News analysis
Shell can’t get away from activist investors
What’s going on at Shell? Activist investors are now threatening the positions of the company chair and some of the oil giant’s board members.
In some ways, the protests by the activists are nothing new for the oil giant. It has had to deal with pressure from activist investors (people who buy enough stake in a company to be able to force a governance change) for a while.
Even though the company has committed to making positive climate-related and ESG changes, activists say it isn’t enough.
It means the company is now at a crossroads. Shareholders can choose between bolder, activist climate goals and more modest company plans, which may yield larger profits in the short term.
What’s going on at Shell? What’s at stake?
It boils down to a few crucial motions at the AGM next week:
- The reappointment of Shell chair Andrew Mackenzie and board directors. Shell supports this – obviously. Key investors such as the Church of England Pension Board and Proxy advisor PIRC oppose it.
- Shell’s annual report. PIRC want shareholders to vote against it because its climate commitments aren’t strong enough. Shell supports the report.
- A shareholder resolution from activist investor group Follow This calling for tougher, broader climate targets. The CofE fund supports it. Shell opposes it, as does proxy advisory firm Institutional Shareholder Services (ISS), which is known to have significant sway over votes.
So it’s a battle over whether to embrace climate goals or not?
Not really. Shell has already committed itself to some climate goals.
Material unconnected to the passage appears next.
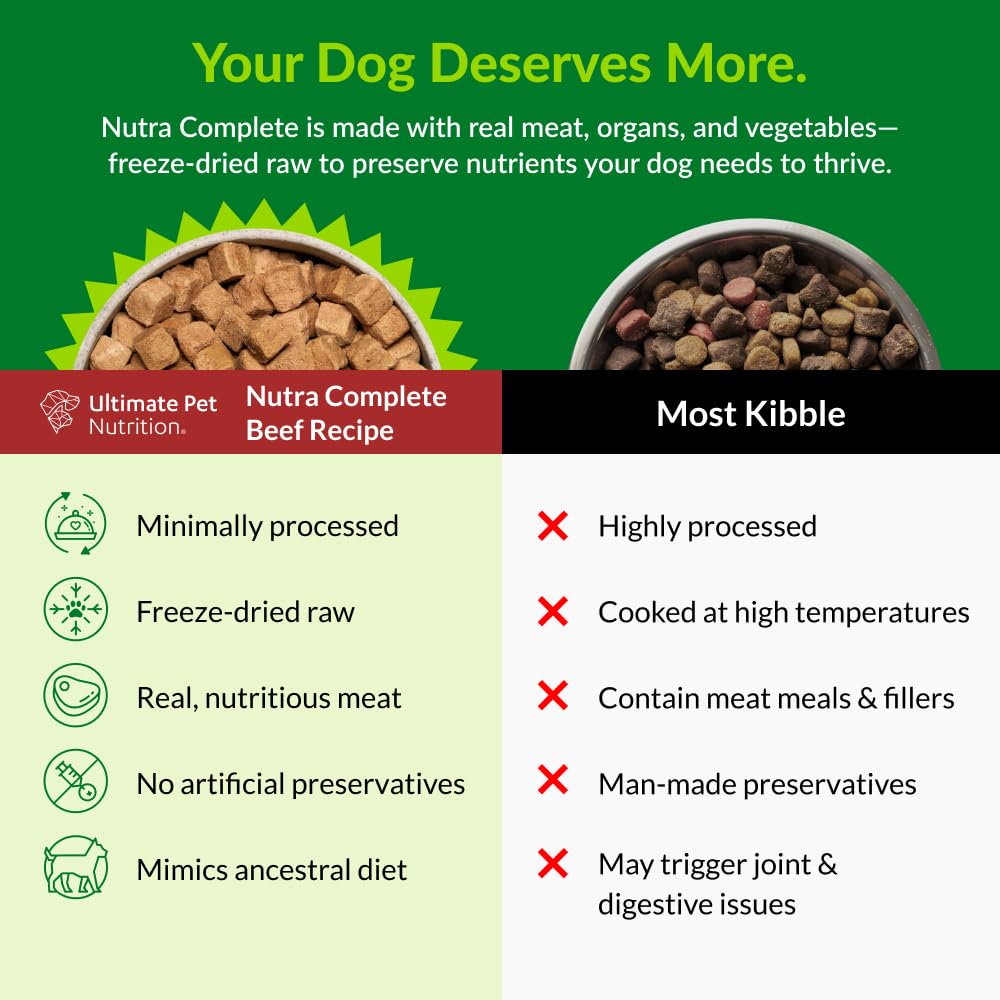 ULTIMATE PET NUTRITION Nutra Complete-freeze-dried-beef-slices offer easily digestible protein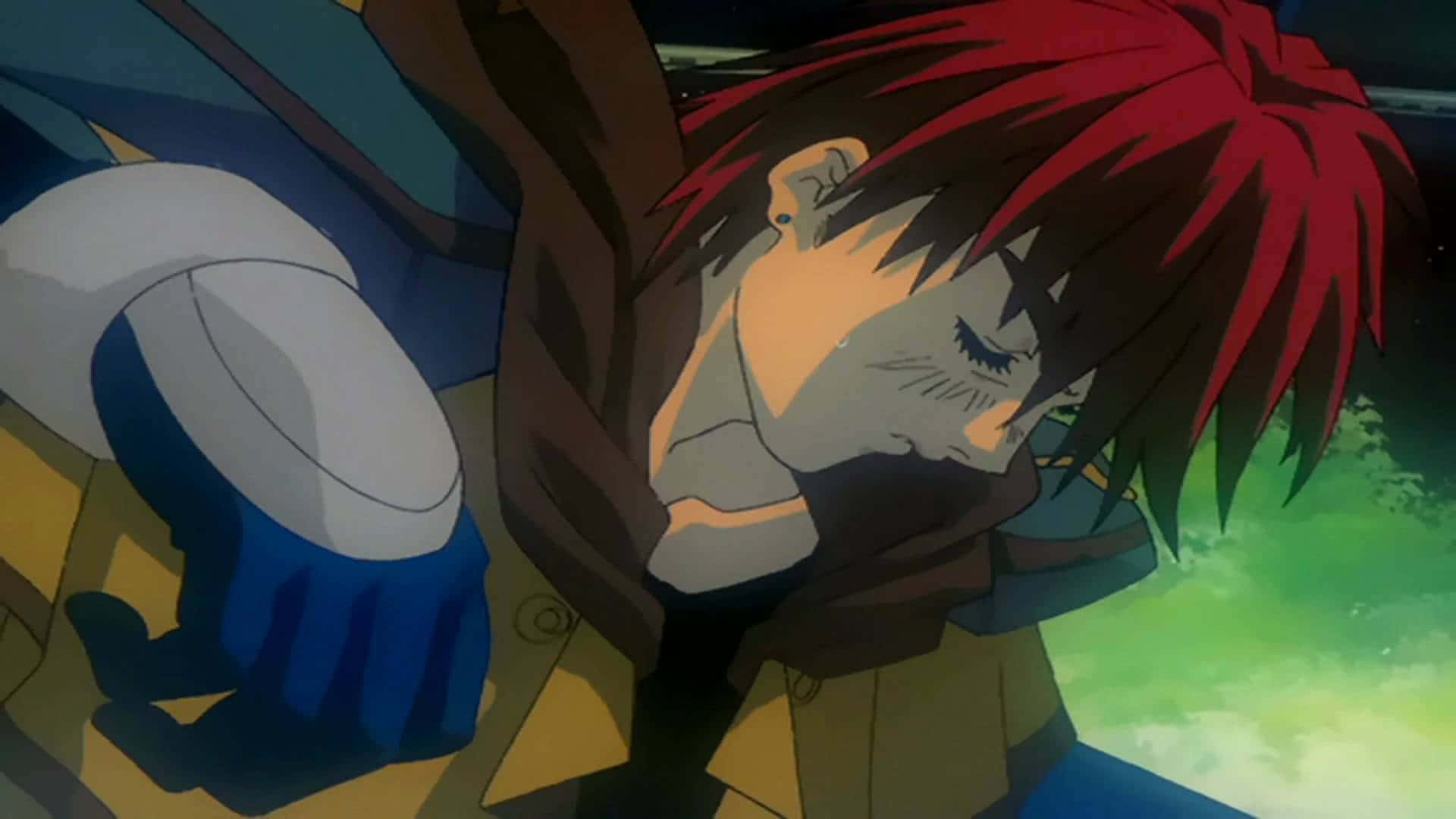 Gene Starwind, red-haired, closed eyes, Full HD Desktop Wallpaper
It’s just a question of how big those goals will be.
Activist investors are sure they want the company to align fully with Paris Accord commitments, including tracking and reducing “indirect” third-party emissions.
Other shareholders – and the company’s leadership – are less certain.
The issue is not “should we jump?”; it’s “how high?”
Climate commitments – like all things ESG – can get detailed quickly. It is among these finer details that genuine discussions are held. It’s also where a careful balance needs to be struck.
Recently, Shell announced bold commitments to reduce oil output. Now, CEO Wael Sawan says the company will review those plans. It carried hints of a suggestion that the plans may be watered down a little.
Critics say it is because Shell is back to focusing on short-term profit rather than long-term sustainability.
While Shell maintains that its “net-zero by 2050” target is still in place, current backlash still raises doubts about its sincerity.
Will the activist pressure succeed?
It’s hard to give a definite answer about this. Success is a spectrum when it comes to activist investors. Some goals might be accomplished, some might just see progress, and some could be abandoned.
In 2022, the company faced a similarly hostile environment – with protest votes and pressure to change. Shell’s board members have faced lawsuits in the previous few months.
If Shell’s current leaders and shareholders are unwilling to vote in line with activist demands, they should have a plan for managing activist pressure moving forward.